Supplied records

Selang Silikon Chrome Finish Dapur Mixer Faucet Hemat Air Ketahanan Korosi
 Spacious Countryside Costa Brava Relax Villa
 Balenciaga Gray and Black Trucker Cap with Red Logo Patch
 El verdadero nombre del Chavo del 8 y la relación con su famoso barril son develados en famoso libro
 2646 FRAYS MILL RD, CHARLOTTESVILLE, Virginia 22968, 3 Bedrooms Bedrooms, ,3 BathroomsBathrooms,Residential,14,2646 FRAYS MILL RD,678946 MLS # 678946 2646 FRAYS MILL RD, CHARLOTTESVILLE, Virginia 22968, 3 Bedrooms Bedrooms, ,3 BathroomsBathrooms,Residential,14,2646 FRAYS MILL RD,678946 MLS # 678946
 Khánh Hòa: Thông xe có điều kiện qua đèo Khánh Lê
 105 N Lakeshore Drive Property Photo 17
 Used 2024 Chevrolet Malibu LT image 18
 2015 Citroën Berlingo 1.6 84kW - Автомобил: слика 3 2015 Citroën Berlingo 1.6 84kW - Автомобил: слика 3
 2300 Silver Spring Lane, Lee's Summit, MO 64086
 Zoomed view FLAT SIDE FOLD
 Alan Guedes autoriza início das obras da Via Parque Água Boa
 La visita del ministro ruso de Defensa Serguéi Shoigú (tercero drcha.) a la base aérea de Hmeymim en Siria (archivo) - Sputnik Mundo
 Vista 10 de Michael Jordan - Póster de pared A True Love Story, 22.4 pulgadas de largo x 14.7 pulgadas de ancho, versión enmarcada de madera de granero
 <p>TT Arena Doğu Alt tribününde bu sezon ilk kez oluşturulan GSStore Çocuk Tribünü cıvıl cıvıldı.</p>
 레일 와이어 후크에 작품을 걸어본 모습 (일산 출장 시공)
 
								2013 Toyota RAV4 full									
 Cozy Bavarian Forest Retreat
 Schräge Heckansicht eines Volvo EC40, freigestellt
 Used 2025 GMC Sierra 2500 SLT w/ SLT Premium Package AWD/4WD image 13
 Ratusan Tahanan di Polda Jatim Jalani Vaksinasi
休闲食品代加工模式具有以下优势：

Activity
Could you write out exactly the lines above, starting at the first one and ending with the line that has "105 N Lakeshore Drive Property Photo 17"?

Answer space
Selang Silikon Chrome Finish Dapur Mixer Faucet Hemat Air Ketahanan Korosi
 Spacious Countryside Costa Brava Relax Villa
 Balenciaga Gray and Black Trucker Cap with Red Logo Patch
 El verdadero nombre del Chavo del 8 y la relación con su famoso barril son develados en famoso libro
 2646 FRAYS MILL RD, CHARLOTTESVILLE, Virginia 22968, 3 Bedrooms Bedrooms, ,3 BathroomsBathrooms,Residential,14,2646 FRAYS MILL RD,678946 MLS # 678946 2646 FRAYS MILL RD, CHARLOTTESVILLE, Virginia 22968, 3 Bedrooms Bedrooms, ,3 BathroomsBathrooms,Residential,14,2646 FRAYS MILL RD,678946 MLS # 678946
 Khánh Hòa: Thông xe có điều kiện qua đèo Khánh Lê
 105 N Lakeshore Drive Property Photo 17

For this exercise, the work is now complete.